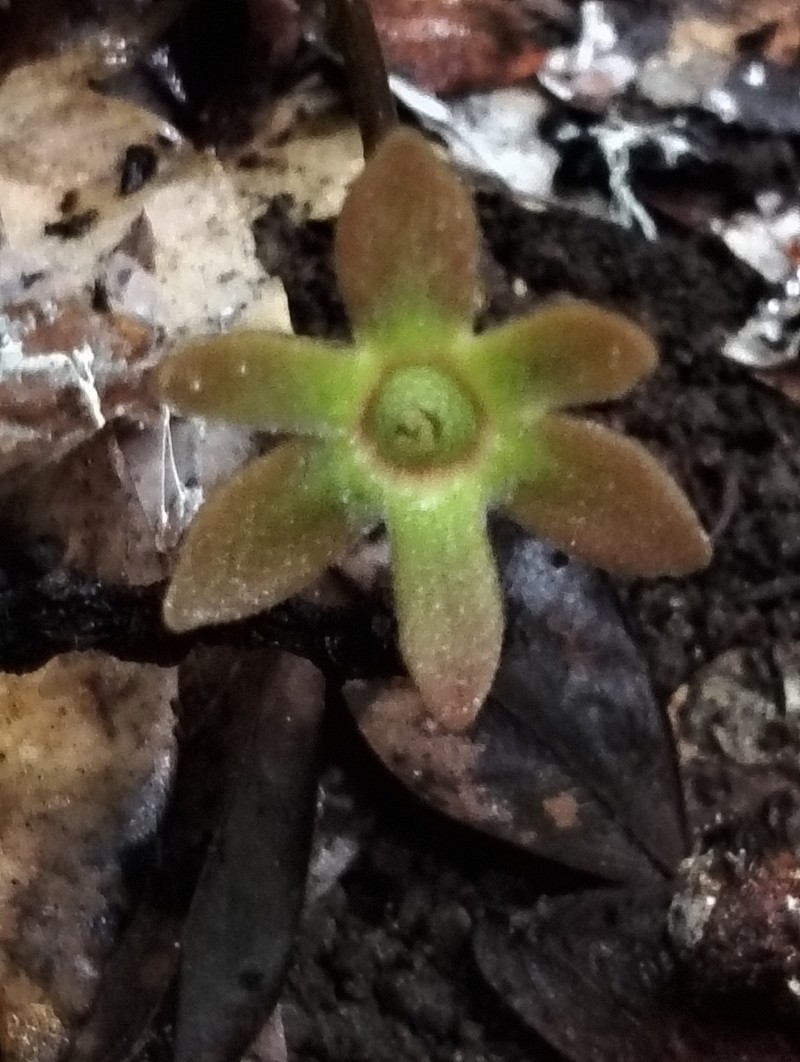 Isolona cauliflora photo 8
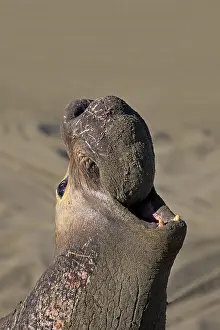 Northern Elephant Seal (Mirounga angustirostris)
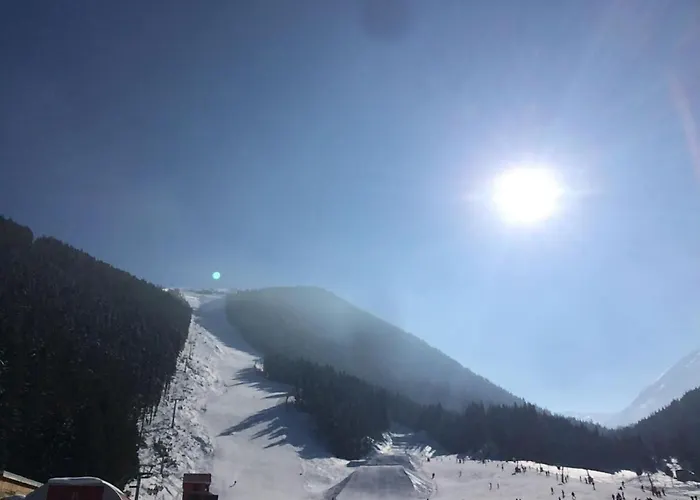 Chalet Crans-Montana Apartment *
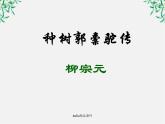 语文：6.1《种树郭橐驼传》课件（新人教选修《中国古代诗歌散文欣赏》）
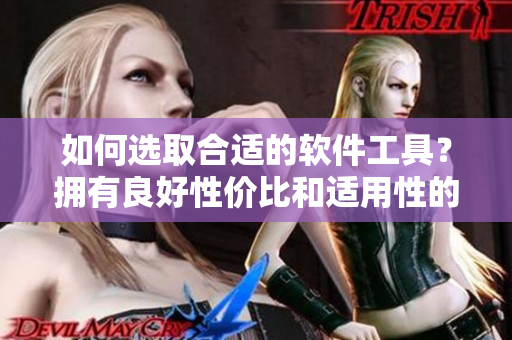 如何選取合適的軟件工具？擁有良好性價比和適用性的建議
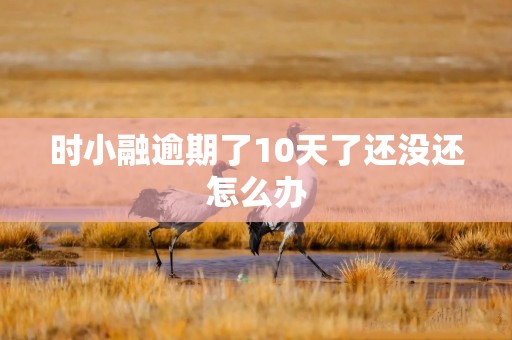 时小融逾期了10天了还没还怎么办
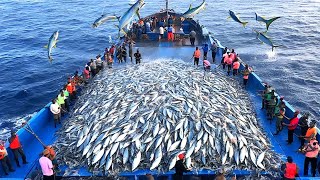 How to catch hundreds of tons of giant cod how fishermen catch cod with long lines on modern ships [upl. by Iturhs287]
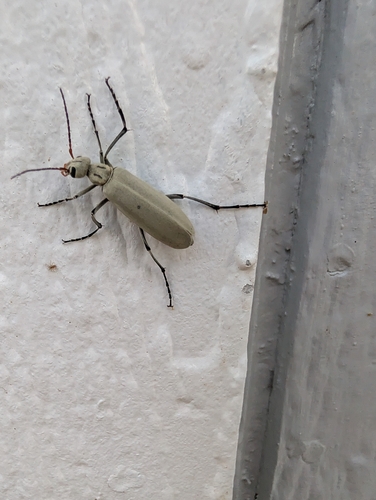 Neck-lined Blister Beetle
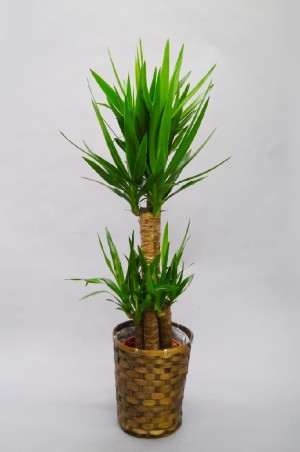観葉植物　ユッカ　8号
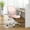 Dark Pink, variant on Gianna Ergonomic Mesh Office Chair with Lumbar Support, Armrests, Wheels, and Mid-Back Design for Home or Office Use, Black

The problem
In the records above, find the line containing "Chalet Crans-Montana Apartment *" and the line containing "観葉植物　ユッカ　8号", then give both of them again word for word along with every line between. Omit any pictures.

Response for this exercise
 Chalet Crans-Montana Apartment *
 语文：6.1《种树郭橐驼传》课件（新人教选修《中国古代诗歌散文欣赏》）
 如何選取合適的軟件工具？擁有良好性價比和適用性的建議
 时小融逾期了10天了还没还怎么办
 How to catch hundreds of tons of giant cod how fishermen catch cod with long lines on modern ships [upl. by Iturhs287]
 Neck-lined Blister Beetle
観葉植物　ユッカ　8号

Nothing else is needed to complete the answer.